Changes in market conditions or other circumstances could cause actual demand costs to be materially different from this
expectation. At December 31, 2012, ProLiance had approximately $124 million of members' equity on its balance sheet, no
long-term debt outstanding, and borrowings to support working capital of $77 million on its $120 million credit facility, which
became effective in May 2012 for a two year period.
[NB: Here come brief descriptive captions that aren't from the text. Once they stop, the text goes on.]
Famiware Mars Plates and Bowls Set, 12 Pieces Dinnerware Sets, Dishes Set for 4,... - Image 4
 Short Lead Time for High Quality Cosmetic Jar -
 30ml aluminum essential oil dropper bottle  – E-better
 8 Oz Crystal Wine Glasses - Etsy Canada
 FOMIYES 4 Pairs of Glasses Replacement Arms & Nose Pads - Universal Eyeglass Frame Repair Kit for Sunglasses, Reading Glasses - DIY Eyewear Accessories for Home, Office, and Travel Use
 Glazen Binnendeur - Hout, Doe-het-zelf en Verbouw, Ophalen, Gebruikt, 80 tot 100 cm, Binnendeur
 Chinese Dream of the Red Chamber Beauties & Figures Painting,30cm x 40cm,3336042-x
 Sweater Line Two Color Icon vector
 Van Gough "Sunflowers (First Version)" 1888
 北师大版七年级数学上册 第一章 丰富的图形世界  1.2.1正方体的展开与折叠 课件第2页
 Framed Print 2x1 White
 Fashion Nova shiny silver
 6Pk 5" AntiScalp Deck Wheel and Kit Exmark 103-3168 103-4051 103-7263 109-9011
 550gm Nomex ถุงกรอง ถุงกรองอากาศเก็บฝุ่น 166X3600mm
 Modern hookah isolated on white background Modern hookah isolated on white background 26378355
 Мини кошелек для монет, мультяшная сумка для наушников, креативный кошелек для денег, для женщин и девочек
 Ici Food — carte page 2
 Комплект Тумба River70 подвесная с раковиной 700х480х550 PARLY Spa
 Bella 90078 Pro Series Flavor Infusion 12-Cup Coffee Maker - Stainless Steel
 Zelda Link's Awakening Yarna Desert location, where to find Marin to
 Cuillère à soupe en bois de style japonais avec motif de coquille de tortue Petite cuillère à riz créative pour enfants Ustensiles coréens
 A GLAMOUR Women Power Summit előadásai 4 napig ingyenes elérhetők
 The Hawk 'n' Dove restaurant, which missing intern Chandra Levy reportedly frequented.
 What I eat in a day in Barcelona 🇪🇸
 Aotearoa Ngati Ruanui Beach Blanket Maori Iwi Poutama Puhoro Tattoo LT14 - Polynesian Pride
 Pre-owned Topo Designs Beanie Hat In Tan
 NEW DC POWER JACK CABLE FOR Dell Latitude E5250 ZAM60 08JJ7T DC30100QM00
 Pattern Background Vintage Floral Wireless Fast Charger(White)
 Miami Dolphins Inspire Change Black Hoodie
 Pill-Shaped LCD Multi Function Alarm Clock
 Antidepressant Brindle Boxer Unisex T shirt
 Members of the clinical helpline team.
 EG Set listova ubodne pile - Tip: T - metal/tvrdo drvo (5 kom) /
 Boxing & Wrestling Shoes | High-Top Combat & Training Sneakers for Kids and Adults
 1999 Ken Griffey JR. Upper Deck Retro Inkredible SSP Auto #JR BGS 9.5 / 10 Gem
For the year ended December 31, 2012, the amounts recorded to Equity in (losses) of unconsolidated affiliates related to
ProLiance’s operations totaled a pre-tax loss of $22.7 million, compared to a loss of $28.6 million in 2011 and a loss of $2.5
million in 2010.
At the time of the sale of Vectren Source, the Company stated that its future emphasis in the Nonutility Group would be on
growing its infrastructure and energy services businesses rather than its commodities businesses. The Company continues to
evaluate and assess strategic alternatives related to the investment in its energy marketing affiliate, ProLiance Holdings. The
Company believes the carrying value of its investment in ProLiance Holdings at December 31, 2012 is appropriate, based upon
projections and other valuation data received from ProLiance. If the Company, however, proceeds with one of the strategic
alternatives being evaluated, which could include a disposition of its investment in ProLiance Holdings or a disposition by
ProLiance Holdings of one or more of its operating subsidiaries or their assets, the amount realized could be materially below
the carrying value of the Company's investment of $73.9 million. In such event, the Company would record such loss as Equity
in (losses) of unconsolidated affiliates.
Investment in Liberty Gas Storage
Liberty Gas Storage, LLC (Liberty), a joint venture between a subsidiary of ProLiance and a subsidiary of Sempra Energy (SE),
is a development project for salt-cavern natural gas storage facilities. ProLiance is the minority member with a 25 percent
interest, which it accounts for using the equity method. The project was expected to include 17 Bcf of capacity in its North site,
and an additional capacity of at least 17 Bcf at the South site. The South site also has the potential for further expansion. The
Liberty pipeline system is currently connected with several interstate pipelines, including the Cameron Interstate Pipeline
operated by Sempra Pipelines & Storage, and will connect area LNG regasification terminals to an interstate natural gas
transmission system and storage facilities.